WHAT THE EXERCISE ASKS = Where a line contains "15783 Pulover Poncho cu șliț - Cărămiziu", begin there and restate word for word every line to the end of the entries below, pictures excluded.

═══ DATA FOR THIS TASK ═══

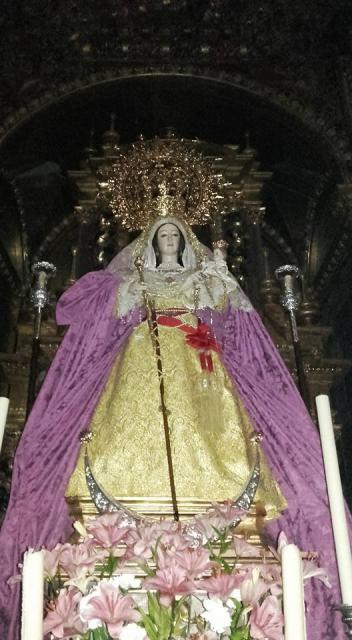 Virgen del Rosario, patrona de Luque en la iglesia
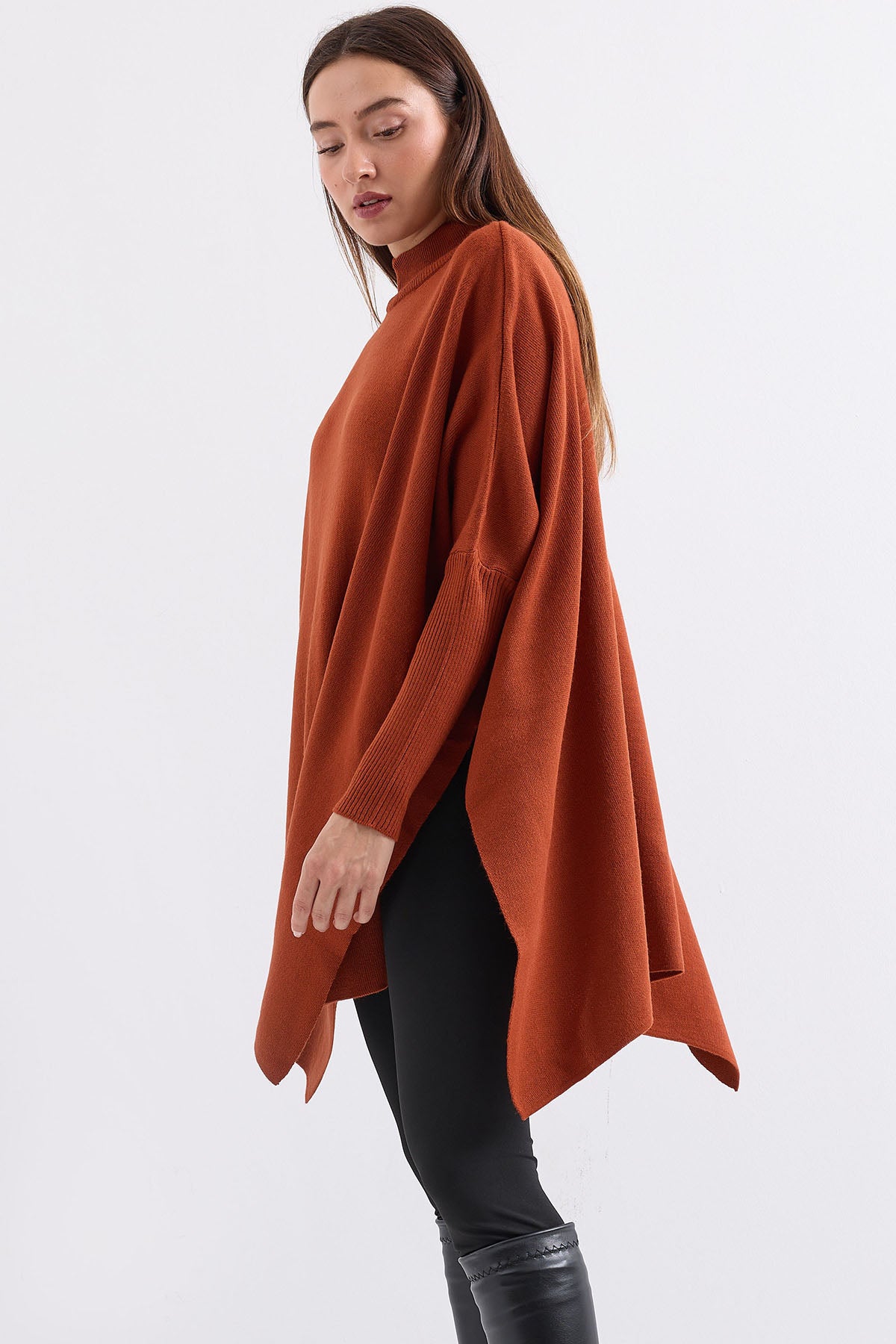 15783 Pulover Poncho cu șliț - Cărămiziu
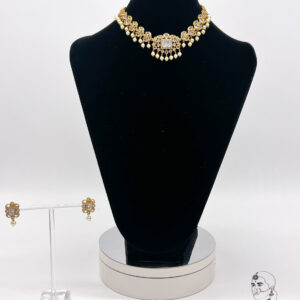 Elegant Kundan Pearl Chocker Set
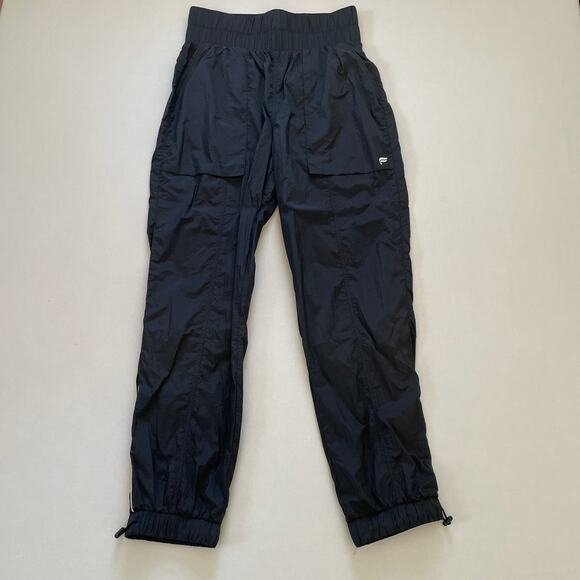 Fabletics Pants Womens Small Black Ultra High Waisted Piped Nylon Activewear NWT - Picture 1 of 7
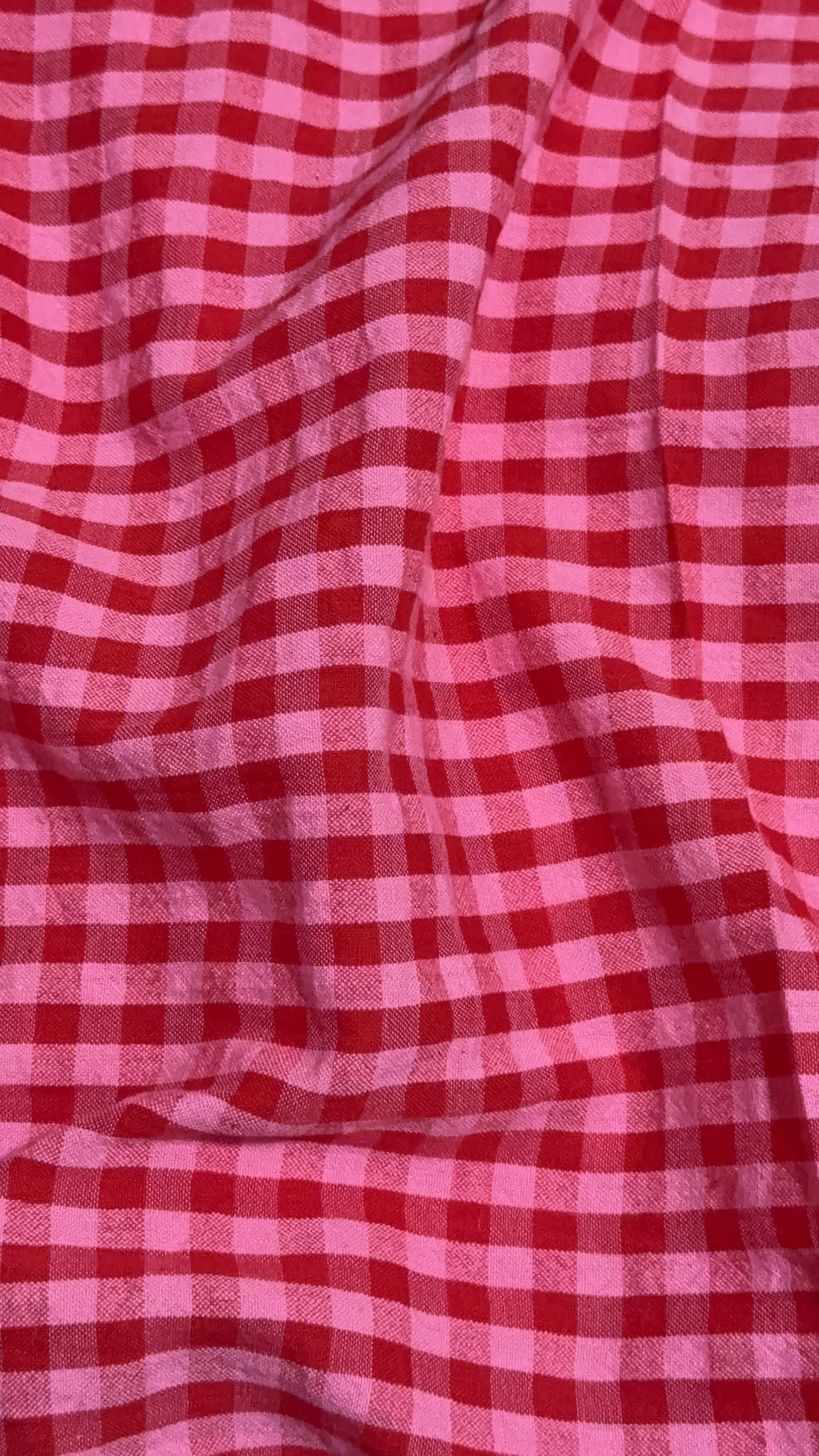 Seersucker cotton in Pink / Red Gingham
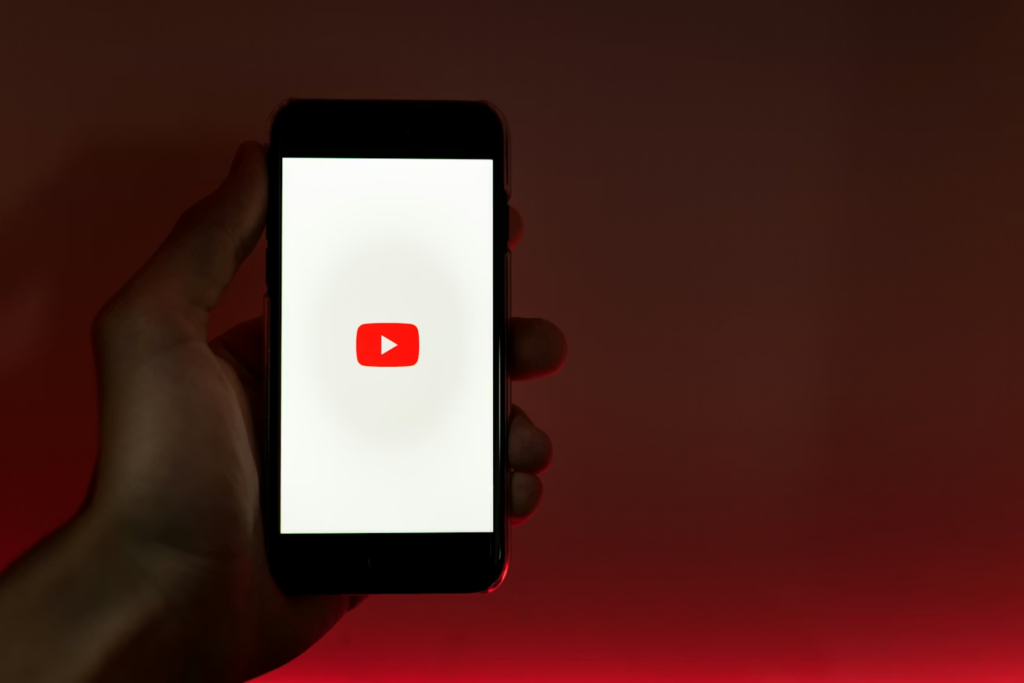 YouTubeコラボレーション機能とは？基本の仕組み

═══

SOLUTION FOR THIS EXERCISE =
 15783 Pulover Poncho cu șliț - Cărămiziu
 Elegant Kundan Pearl Chocker Set
 Fabletics Pants Womens Small Black Ultra High Waisted Piped Nylon Activewear NWT - Picture 1 of 7
 Seersucker cotton in Pink / Red Gingham
 YouTubeコラボレーション機能とは？基本の仕組み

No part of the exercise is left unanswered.